A windy late evening provided the backdrop for this dusk wedding portrait along a South Florida beach in the town of Hillsboro.
As South Florida wedding photographers we are frequently asked to capture our clients’ love for the beach and the state in general. Sandy beaches, the glistening blue ocean, and bright sunshine frequently help fill the frame, sometimes distracting from the couple and becoming more about where the photo was taken and less about the people in it. After we successfully nab a few of the expected and obligatory beach photos, we turn our attention back to the emotions and intimate moments shared between the couple. Capturing genuine connections during the wedding day gives our clients candid, real images they can cherish for years for years to come. Having a clue as to when and where an image was taken subtly brings them back to a specific place and time, so long those elements are noticed in the photo after the primary subject.
Having a detailed wedding timeline - and following it rigorously - removes unneeded stresses and variables from the day, frequently leading to ample amounts of portrait time. Scheduling a block of time to be set aside for portraits is a great idea and nearly all couples plan to set aside a generous portion of the day to utilize our services to the fullest extent. The reality is that since other parts of the day affect many, if not all of the people involved, they are given priority over the scheduled portrait time that involves just the four of us. This can be frustrating, but we are fully accustomed to working around such impediments to success. One way we can extend portrait time is to sneak in a couple of quick and controlled setup shots during a short lull in the festivities. One of us will stay in the middle of the action, prepared to document any events as they unfold. The other can go somewhere else with lighting gear and set the stage for a photo like the one shown here. Borrowing the couple for just a few minutes, we can guide them to a specific point and let them enjoy a few private moments before jumping back into the revelry.

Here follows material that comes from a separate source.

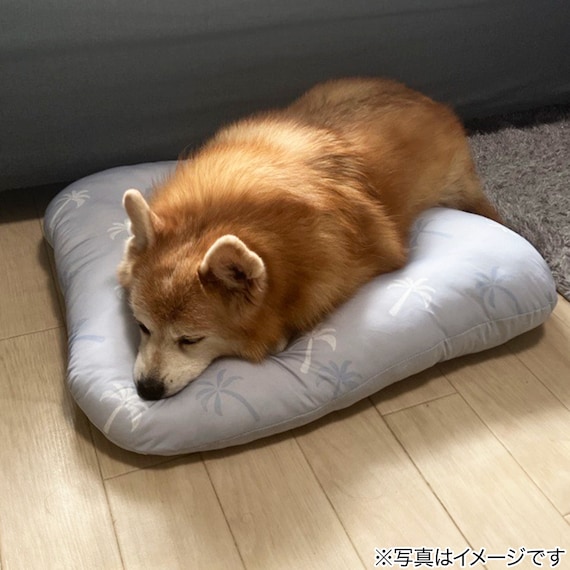 ペットモチモチクッション Mサイズ(Nクール PALM NR04) 3枚目画像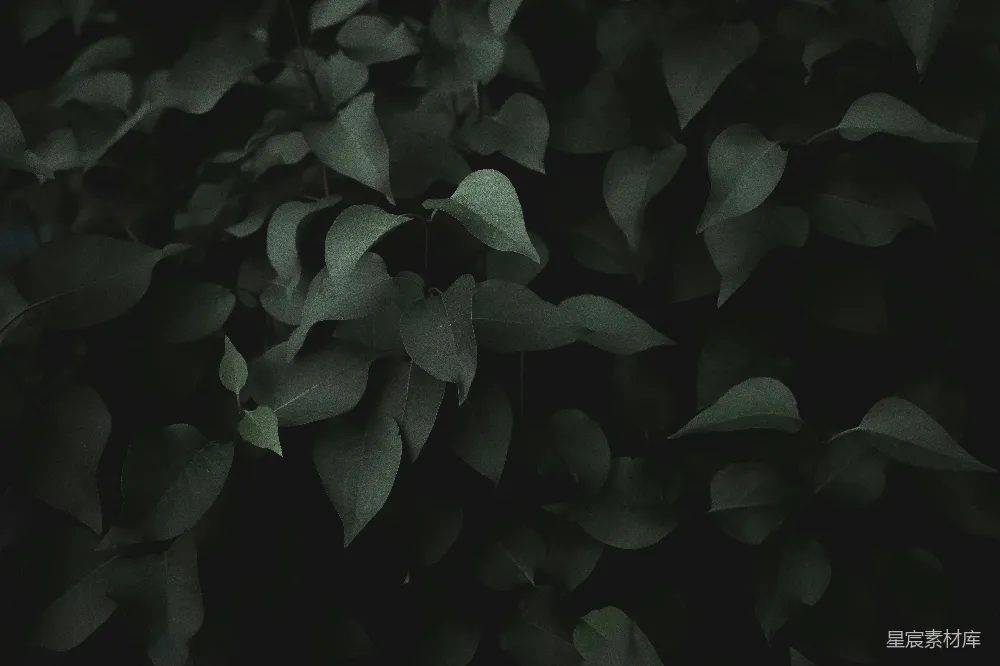 高清摄影 植物 自然 深色 背景 清新 深色背景下的绿叶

Timing and location were both very important in terms of capturing this image, the staging of which we executed in under a minute. The last bit of blue was fading into black across the South Florida sky and the winds were beginning to taper off. The beacon of the lighthouse had been visible for only about a half hour and this time of day was the sweet spot in terms of getting all of those aspects into one shot. Controlling the intensity, direction, and dispersion of our lighting, we were able to expose for all of the elements at once. Bringing in the the dark blue color in the sky, the blowing palm tress are shown in silhouette, providing a sense of place and a clue to what the weather conditions were like. Waiting until the beacon was just out of frame kept the lighthouse and the warm glow of its fresnel lenses exposed properly without blasting the camera or lighting up the trees. Finally, the flash overpowers all the other sources of light while still playing off of them, giving us a layered feel while actually embracing mixed lighting.